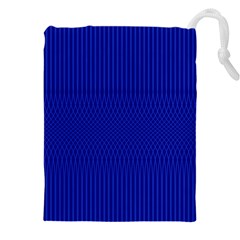 Cobalt Blue Color Stripes Drawstring Pouch (4xl) by SpinnyChairDesigns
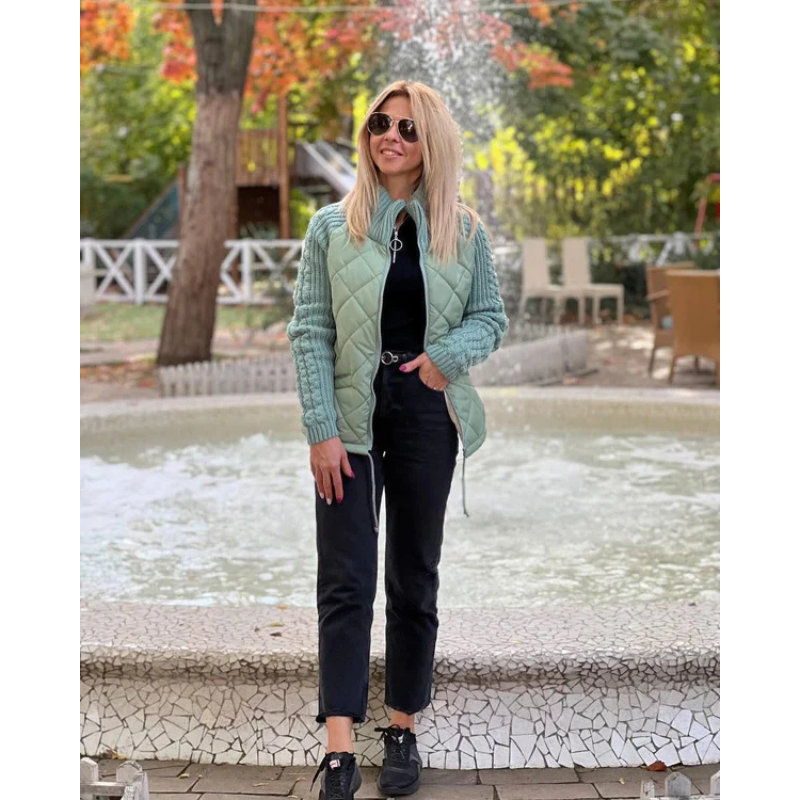 Avelin™ | Gebreid Damesjack met Rits | Gewatteerd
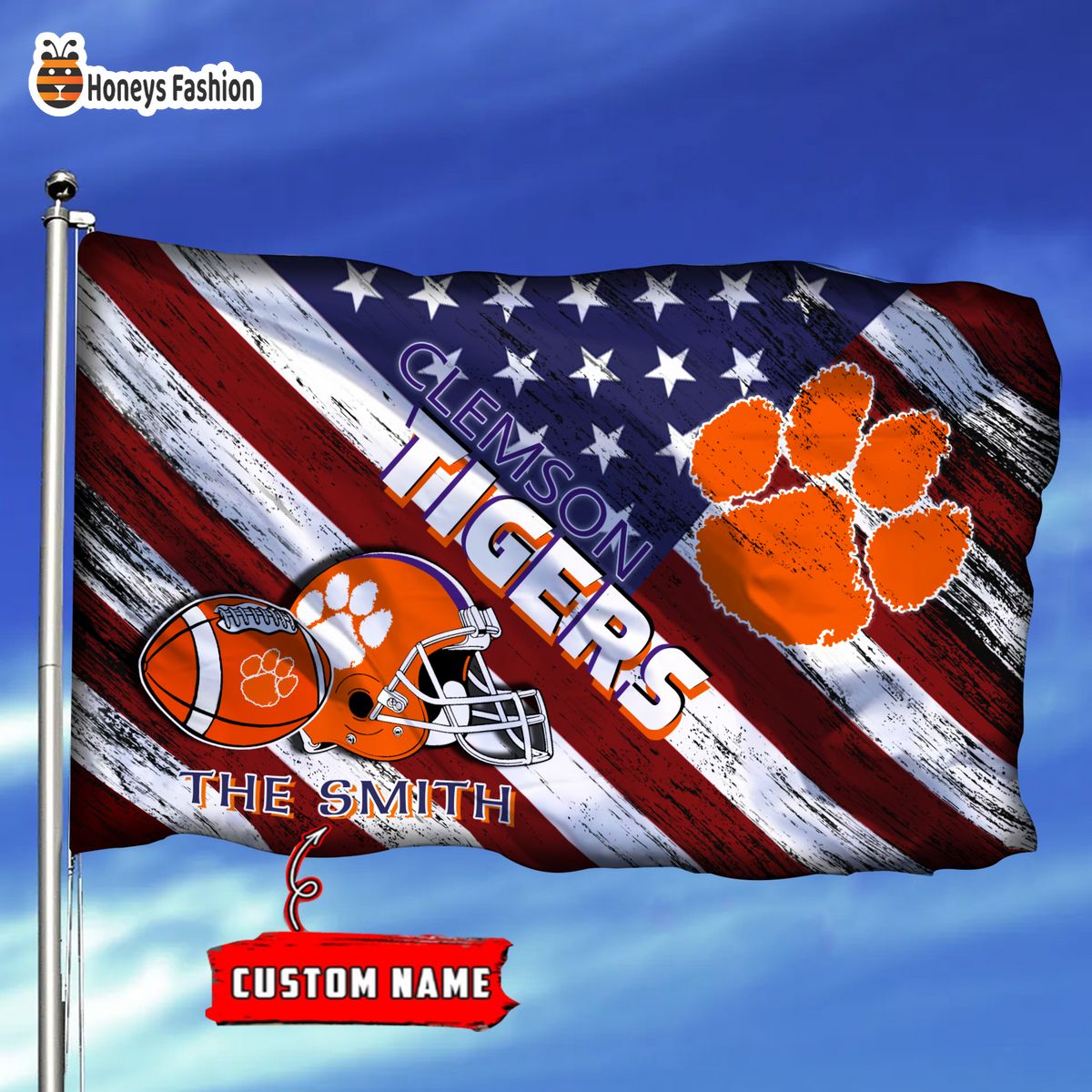 Clemson Tigers Custom Name Personalized Flag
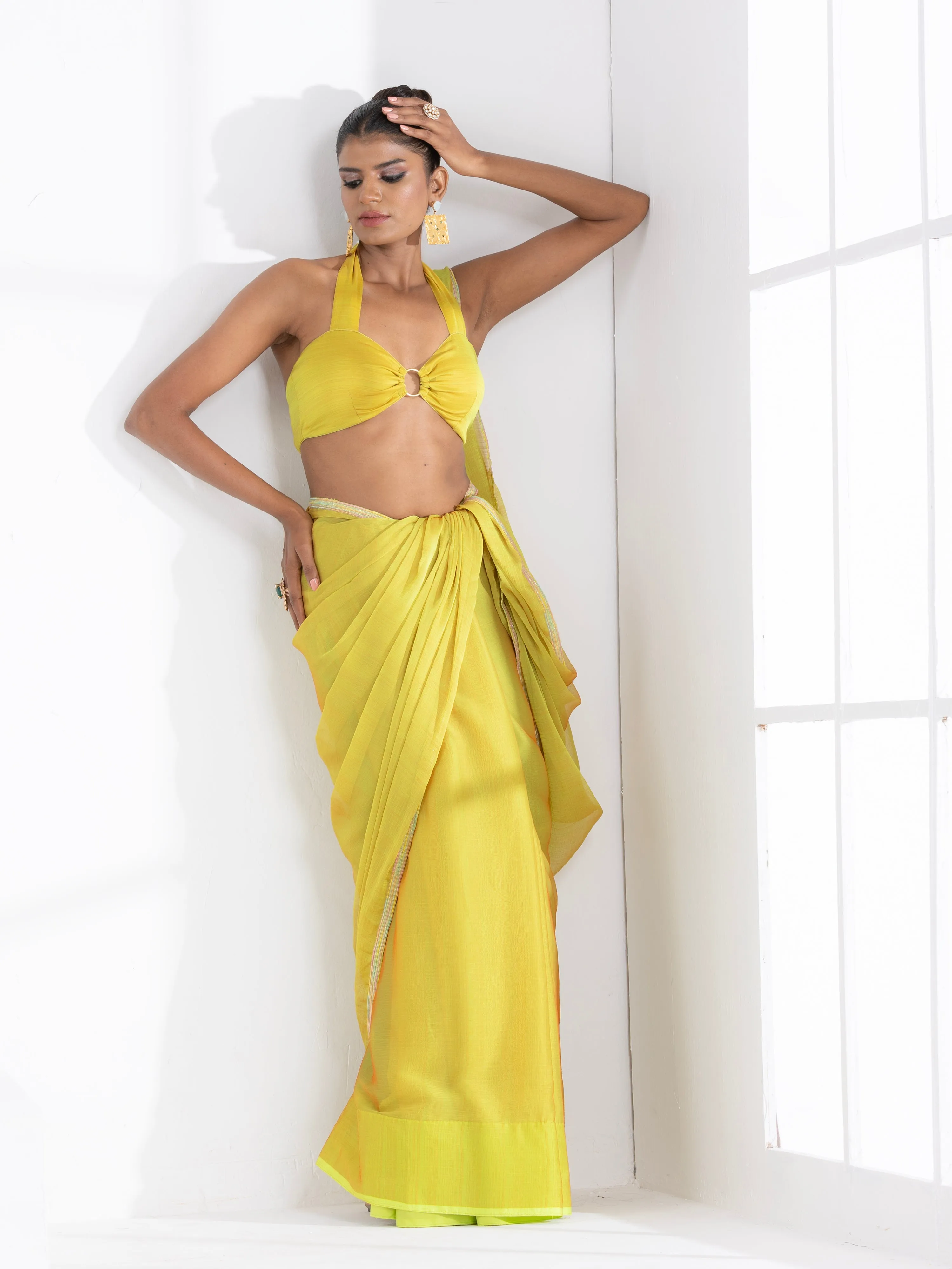 Lime and Lemony Chiffon Saree with Lace & Self Blouse Fabric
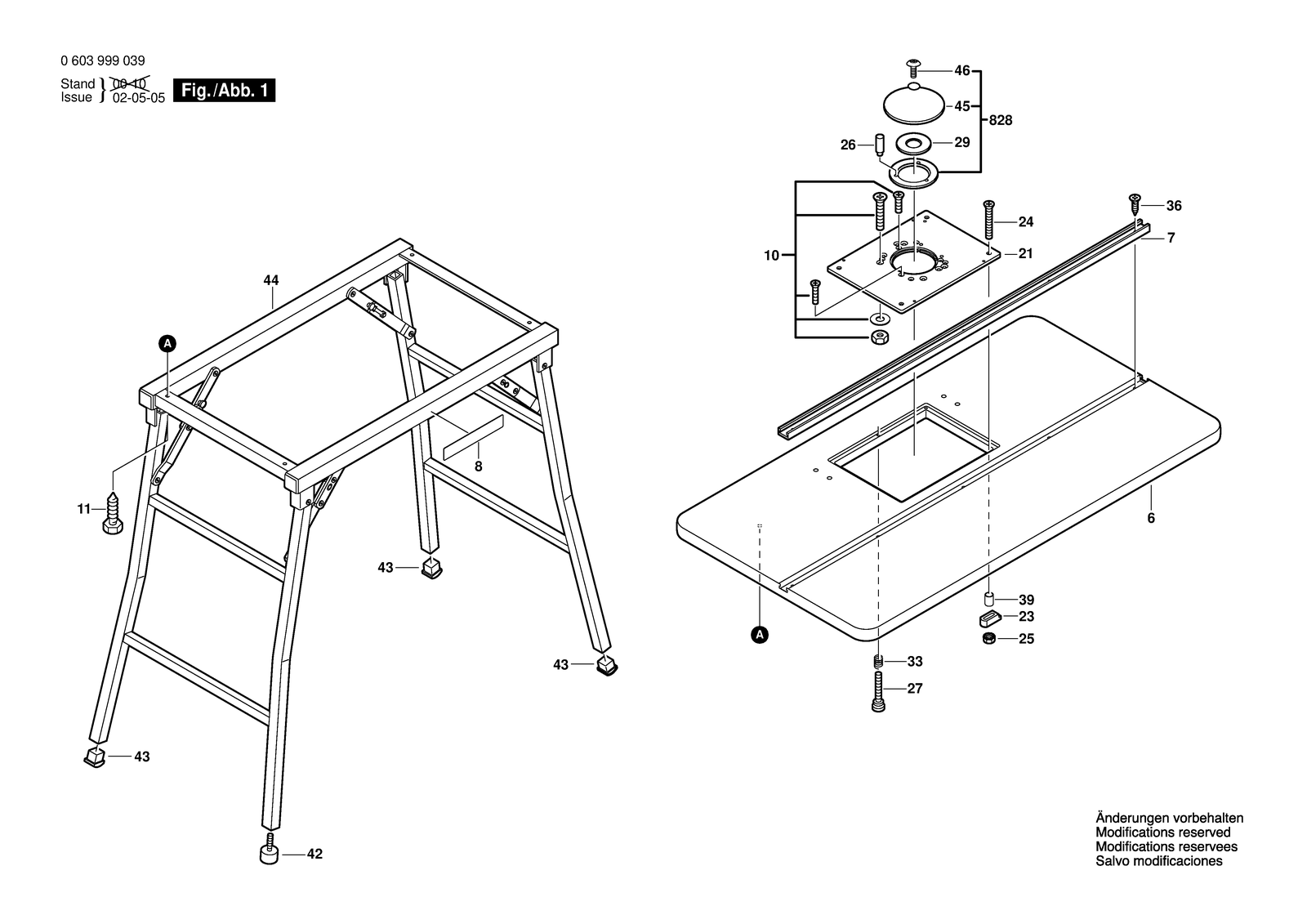 Bosch RA1200 parts diagram, sheet 1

=-=-=-=-=

» EXERCISE: Write down exactly the lines running from the line with "Lime and Lemony" through the end of the material, both ends included, and none of the pictures.

» WRITTEN REPLY:
 Lime and Lemony Chiffon Saree with Lace & Self Blouse Fabric
 Bosch RA1200 parts diagram, sheet 1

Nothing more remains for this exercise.